Dari total penerima remisi, tiga orang warga binaan memperoleh pengurangan masa pidana selama 15 hari, sementara 10 warga binaan lainnya mendapatkan remisi selama satu bulan. Remisi diberikan khusus kepada warga binaan yang beragama Nasrani dan telah memenuhi syarat administrasi maupun substantif.
Pemberian remisi dilakukan usai pelaksanaan ibadah Natal dan berlangsung secara khidmat di lingkungan Rutan Banjarsari Gresik. Kegiatan tersebut menjadi bagian dari pemenuhan hak warga binaan sekaligus momentum refleksi spiritual dalam perayaan Natal.
Kepala Rutan Kelas IIB Banjarsari Gresik, Eko Widiatmoko, menyampaikan bahwa remisi merupakan bentuk apresiasi negara terhadap perubahan sikap dan perilaku warga binaan selama menjalani masa pembinaan.
“Remisi ini bukan sekadar pengurangan masa pidana, tetapi merupakan bentuk penghargaan atas komitmen warga binaan yang menunjukkan kedisiplinan, kepatuhan terhadap tata tertib, serta keaktifan dalam mengikuti program pembinaan,” ujar Eko.

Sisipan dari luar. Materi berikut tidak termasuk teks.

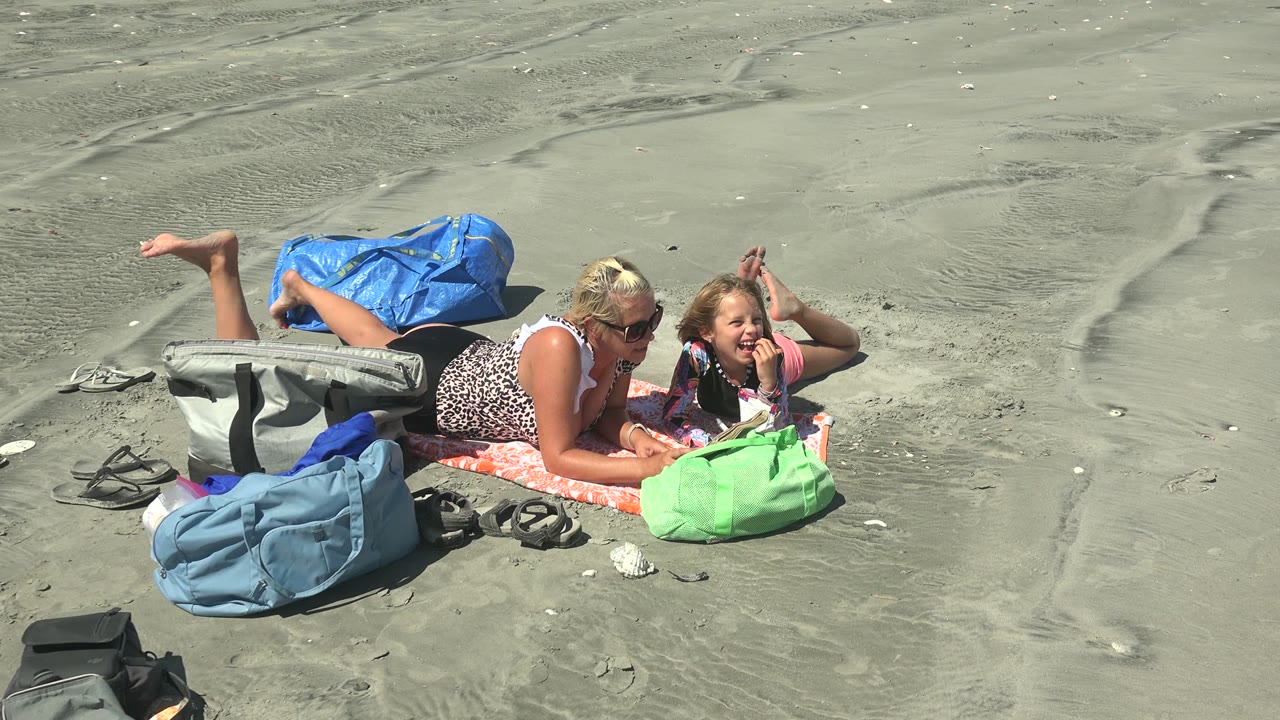 At La Bocana BCS Mexico, the child faces upward with a visible smile while the adult remains beside the open book and beach bags on gray sand.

Ia menegaskan bahwa pemberian remisi dilakukan secara selektif dan objektif, berdasarkan penilaian perilaku, partisipasi dalam kegiatan pembinaan, serta tidak sedang menjalani hukuman disiplin.
“Kami berharap remisi ini dapat menjadi motivasi bagi seluruh warga binaan untuk terus memperbaiki diri, meningkatkan keimanan, dan mempersiapkan diri agar kelak dapat kembali ke tengah masyarakat sebagai pribadi yang lebih baik dan bertanggung jawab,” tambahnya.
Melalui pemberian remisi khusus Natal ini, Rutan Banjarsari Gresik menegaskan komitmennya dalam menjalankan sistem pemasyarakatan yang berorientasi pada pembinaan, penghormatan hak asasi manusia, serta reintegrasi sosial warga binaan.